Posted: 22 May 2012 06:05 AM PDT

natural gas fracking scam

I covered Rolling Stone‘s excellent piece on a potential fracking bubble and scam back in March, and while I know that many are sold on fracking’s benefits (even Obama, it seems), I can tell you that I wouldn’t put my money on it in the long term. Here are a few recent stories that I think are rather telling:

1) T. Boone Pickens, formerly one of natural gas’s most ardent supporters and biggest cheerleaders, has dropped his holdings in Chesapeake, reportedly due to its low prices. But not only that, Pickens has gone as far as to say that “natural gas has been a disaster.”

“These are the same low prices that are making it preferable to sell our domestic energy to China and India, rather than provide us with the energy security that the oil and gas industry promised with expanded gas development,” Wenonah Hauter,  Food & Water Watch Executive Director, states.

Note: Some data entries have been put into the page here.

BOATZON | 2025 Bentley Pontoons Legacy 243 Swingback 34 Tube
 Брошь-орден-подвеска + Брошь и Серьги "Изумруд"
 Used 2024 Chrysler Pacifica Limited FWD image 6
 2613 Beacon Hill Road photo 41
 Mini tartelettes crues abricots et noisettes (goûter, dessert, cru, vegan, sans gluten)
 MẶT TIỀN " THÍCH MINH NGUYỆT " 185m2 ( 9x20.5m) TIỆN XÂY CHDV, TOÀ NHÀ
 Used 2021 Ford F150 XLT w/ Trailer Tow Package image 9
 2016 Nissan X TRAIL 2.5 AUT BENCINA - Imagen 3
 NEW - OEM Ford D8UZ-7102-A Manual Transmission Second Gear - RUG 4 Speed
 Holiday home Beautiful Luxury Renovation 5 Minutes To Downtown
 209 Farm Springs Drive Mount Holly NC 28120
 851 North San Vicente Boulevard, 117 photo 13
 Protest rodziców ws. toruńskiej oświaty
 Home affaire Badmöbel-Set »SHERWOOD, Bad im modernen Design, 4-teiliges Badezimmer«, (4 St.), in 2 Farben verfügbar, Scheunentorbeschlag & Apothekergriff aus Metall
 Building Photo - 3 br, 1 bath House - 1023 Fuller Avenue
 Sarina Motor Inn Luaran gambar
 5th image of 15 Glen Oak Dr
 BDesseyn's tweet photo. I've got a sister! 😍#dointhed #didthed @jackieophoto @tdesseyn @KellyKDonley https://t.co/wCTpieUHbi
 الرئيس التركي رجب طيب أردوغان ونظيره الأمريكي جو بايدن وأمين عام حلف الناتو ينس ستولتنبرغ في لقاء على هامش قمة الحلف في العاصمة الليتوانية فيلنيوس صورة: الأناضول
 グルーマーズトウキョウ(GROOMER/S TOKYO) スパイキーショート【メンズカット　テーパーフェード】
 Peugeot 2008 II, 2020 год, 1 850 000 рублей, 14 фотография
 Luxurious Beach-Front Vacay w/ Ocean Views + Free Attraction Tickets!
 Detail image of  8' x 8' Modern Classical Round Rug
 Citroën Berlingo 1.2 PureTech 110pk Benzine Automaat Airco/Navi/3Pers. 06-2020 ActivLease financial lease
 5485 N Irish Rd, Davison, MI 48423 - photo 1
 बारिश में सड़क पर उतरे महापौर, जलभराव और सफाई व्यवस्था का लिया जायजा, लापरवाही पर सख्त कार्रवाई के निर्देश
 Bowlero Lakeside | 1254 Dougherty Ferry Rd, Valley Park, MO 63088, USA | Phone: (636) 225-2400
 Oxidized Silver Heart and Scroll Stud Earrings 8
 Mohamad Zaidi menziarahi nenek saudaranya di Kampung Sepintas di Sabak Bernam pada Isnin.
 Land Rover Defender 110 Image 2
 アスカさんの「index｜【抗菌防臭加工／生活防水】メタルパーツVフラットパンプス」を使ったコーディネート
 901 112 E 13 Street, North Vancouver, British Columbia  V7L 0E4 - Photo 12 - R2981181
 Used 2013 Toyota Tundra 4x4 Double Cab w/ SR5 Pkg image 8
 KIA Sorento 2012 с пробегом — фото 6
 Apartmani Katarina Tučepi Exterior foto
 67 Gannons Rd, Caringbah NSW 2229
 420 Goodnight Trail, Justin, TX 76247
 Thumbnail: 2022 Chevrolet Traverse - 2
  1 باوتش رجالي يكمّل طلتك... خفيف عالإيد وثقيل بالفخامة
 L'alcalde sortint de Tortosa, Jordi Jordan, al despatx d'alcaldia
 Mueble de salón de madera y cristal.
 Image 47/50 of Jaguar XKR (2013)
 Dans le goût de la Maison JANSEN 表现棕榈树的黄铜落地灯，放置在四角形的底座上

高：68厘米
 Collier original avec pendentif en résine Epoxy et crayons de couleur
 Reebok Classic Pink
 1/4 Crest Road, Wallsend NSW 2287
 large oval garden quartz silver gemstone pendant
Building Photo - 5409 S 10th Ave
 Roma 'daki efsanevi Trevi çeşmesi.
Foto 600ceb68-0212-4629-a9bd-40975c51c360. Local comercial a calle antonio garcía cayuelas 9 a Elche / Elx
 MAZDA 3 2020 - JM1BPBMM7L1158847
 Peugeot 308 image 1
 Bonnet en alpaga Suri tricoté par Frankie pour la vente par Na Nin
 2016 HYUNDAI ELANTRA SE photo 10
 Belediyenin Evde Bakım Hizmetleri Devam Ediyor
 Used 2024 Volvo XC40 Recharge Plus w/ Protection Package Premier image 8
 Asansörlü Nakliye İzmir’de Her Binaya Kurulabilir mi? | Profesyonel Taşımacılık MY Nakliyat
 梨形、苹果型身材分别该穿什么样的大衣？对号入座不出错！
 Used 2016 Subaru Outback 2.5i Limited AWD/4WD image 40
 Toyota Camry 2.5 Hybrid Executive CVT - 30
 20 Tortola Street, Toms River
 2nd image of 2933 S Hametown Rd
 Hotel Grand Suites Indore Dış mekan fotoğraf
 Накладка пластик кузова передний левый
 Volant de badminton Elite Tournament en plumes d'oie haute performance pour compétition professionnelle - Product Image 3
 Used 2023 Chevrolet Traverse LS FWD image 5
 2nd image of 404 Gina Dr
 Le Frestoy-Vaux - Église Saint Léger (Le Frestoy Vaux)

"T. Boone Pickens's recent divestment from Chesapeake Energy shows that natural gas is a house of cards, and that even one of its biggest cheerleaders has grown wise to this fact.

"The oil and gas industry is industrializing rural communities and destroying our air and water, with no real benefit to anyone—not even investors."

2) Vermont, while it’s not exactly a natural gas gold mine, is to become the first state in the US to ban oil and natural gas fracking. “Vermont will be the first state to outlaw a controversial oil and gas drilling method known as fracking when Governor Peter Shumlin signs a bill banning the practice,” Reuters writes.

“Governor Shumlin does support the fracking ban,” said Sue Allen, a spokeswoman for Vermont’s Democratic governor. “He will sign the legislation when it reaches his desk.”

3) 55 investors with $1 trillion of assets have teamed up to promote “best practices” in the natural gas fracking industry, wanting the whole process cleaned up.

“Major investors are no longer willing to sit by idly as energy companies engaged in shale gas fracking face concerns about industry drilling problems, growing regulatory uncertainty, and increasing opposition from concerned shareholders,” Boston Common Asset Management, one of three groups behind this push, writes.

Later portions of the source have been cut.